The month I spent in Iowa felt long. The tension of living an unfamiliar life while enduring poor health made the time pass slowly. Still, the laws of nature ruled as they always do, the sun kept rising and setting, and finally my day of departure arrived. I was planning before returning to Japan to visit New York to see some old friends. Since my heart never took root in America the whole time I lived there, I had few friends worthy of the name. The following scene took place with one friend I did have, a Japanese woman roughly my age, known for her brilliant mind. We went to the same graduate school in the United States, and she was now a professor at a prestigious American university. I had heard the rumor that while working on her M.A. degree in Japan she had knocked other students out by reading Balzac’s entire oeuvre in the original. What knocked me out was her nonchalant remark, “I was good in math, too.” We nevertheless had one thing in common: our love of the classics of modern Japanese literature.

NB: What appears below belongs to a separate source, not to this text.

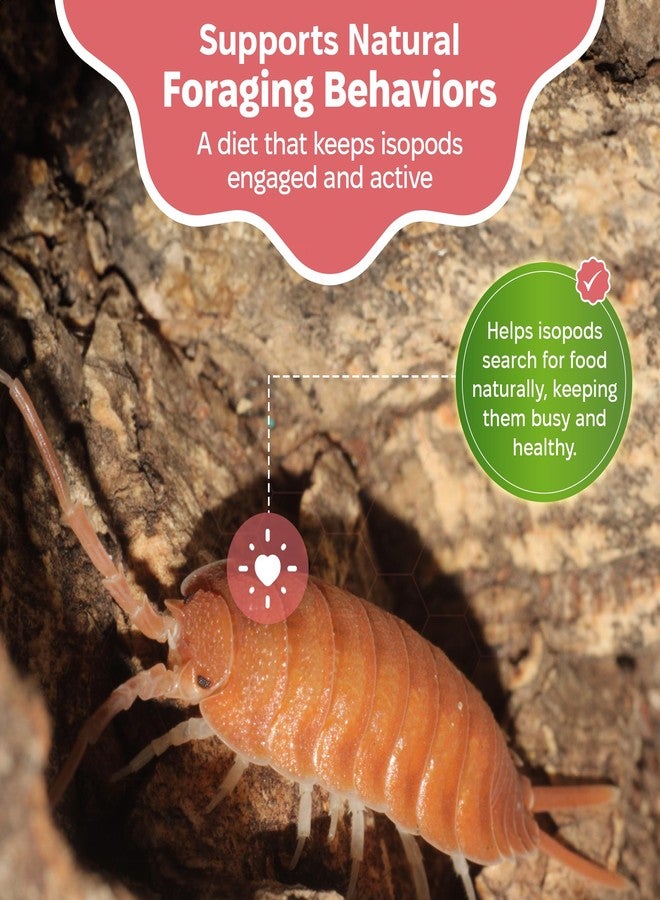 Snout and Shell Isopod Food A Bountiful Selection Crafted to Enrich Your Pet's Habitat and Diet (Garden Foraging Blend) - Image 5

We met one evening at a Chinese restaurant uptown. Neither of us is much of a drinker, but we held our beer mugs like grown-up women should and picked up the dumplings with the long plastic chopsticks that Chinese restaurants in America invariably provide. In our tipsiness, we fumed as we lamented the world and bemoaned Japan.
Her face now red from the bit of beer she had had, my friend said saucily, “You know, when I was little, I used to think that novelists were incredibly smart people with really serious ideas — the most respected people in the whole world. And look at the writers now in Japan. They’ve got no brains. I just don’t feel like reading the crap they write.”

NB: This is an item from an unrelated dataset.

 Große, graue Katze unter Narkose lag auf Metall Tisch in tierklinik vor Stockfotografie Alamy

I have no idea what she thought of me. She has a vivacious mind with plenty of room for mischief, so she may have been coolly including me in the category of brainless writers of crap. But rather than feeling hurt, I nodded my own reddened face and eagerly acquiesced: “True, so true!” All the thoughts I had had during my month in Iowa came rushing back and circled in my inebriated mind.
Perhaps both she and I belong to a generation so thoroughly imbued with the classics of modern Japanese literature that we don’t know how to appreciate newer writing. Or perhaps most of the newer writing is in fact of lesser value. Long ago, while I was still living in the United States, whenever I thought of what it would be like to finally go back to Japan and start writing novels in Japanese, an image presented itself before my eyes of a deep forest where stately trees stood tall. I would write in their shadow, quietly and modestly, bits of trivial things befitting a woman. Though this was a sorry image for someone who was already getting a taste of gender equality, I had somehow assumed that my country would still be inhabited by men like the giants Fukuzawa Yukichi, Futabatei Shimei, Natsume Sōseki, Mori Ōgai, Kōda Rohan, Tanizaki Jun’ichirō—men of frightening intelligence, knowledge, and wit. It had never occurred to me that once I was back in my home country I might not be able to find any deep forest where stately trees stood tall. Yet that was what happened. I spotted a tree here and a tree there, but mostly the scenery was flat. Unsuited even for a poetic description like “bleak wasteland,” it was more like a playground where everything was small and clamorous — just juvenile. I was left to wonder whether my compatriots had forgotten that those men I so admired had even existed.